Note: This interview has been lightly edited for clarity and length.
What is Astropad’s origin story?
My business partner, Giovanni Donelli, was out for a run when he saw an ad for a Microsoft Surface. In the ad, they were drawing right on the screen and he thought, “You know, that’s really cool. I wish I could do that, but I don’t want to buy another device. He had the idea of using an iPad. We spent the next year and a half trying to get it to work. It turned out being much harder than we expected. That’s why nobody else had really been successful doing it. We released it in February, and it turns out that a lot of people had been waiting for something like this. We had built this thing and knew we wanted it for ourselves, but we weren’t sure if anyone else would. But then it took off and a lot of people were sharing it on social media. That’s when we decided to go full time and make it into a real business.
What was wrong with the current products on the market?
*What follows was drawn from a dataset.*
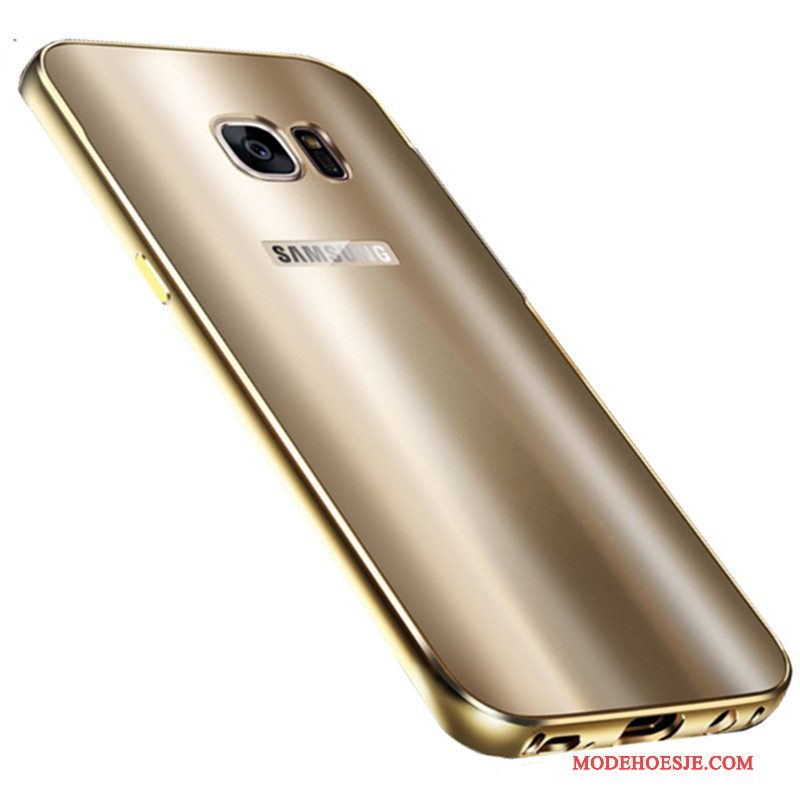 Hoesje Samsung Galaxy S7 Edge Metaal Omlijsting Blauw, Hoes Samsung Galaxy S7 Edge Bescherming Anti-falltelefoon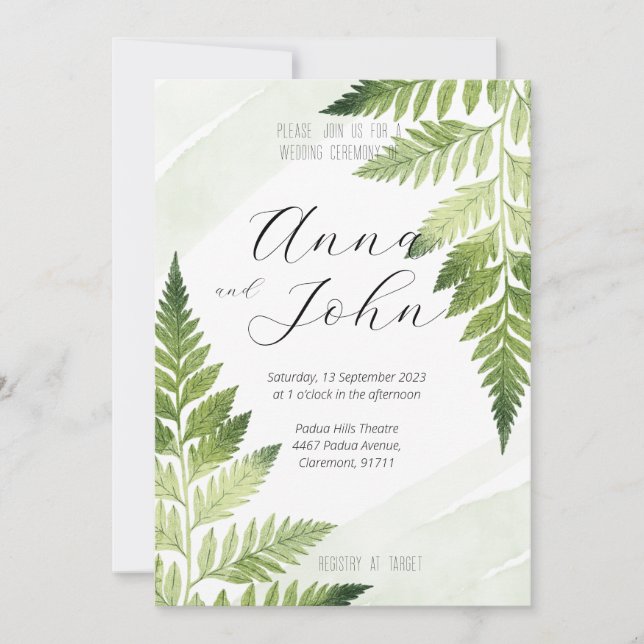 Invitación Fern verde minimalista (Anverso)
If you wanted to do professional-quality art on the computer, you needed to go out and buy specialty hardware made by [graphics tablet maker] Wacom. These devices are either really difficult to use or incredibly expensive, costing thousands of dollars. We wanted to come up with another option where you could draw on the computer, but using a device that artists already have like an iPad. It gives the same experience as the expensive, dedicated graphics tablets that you’d normally buy from Wacom.
Has anyone big used your project?
We’ve had an artist at Pixar play around with it, we’ve had someone at Disney or Sony using it, we’ve had an animator and director in Hollywood using it. We’re looking to expand [our list].
Is this your first entrepreneurial venture?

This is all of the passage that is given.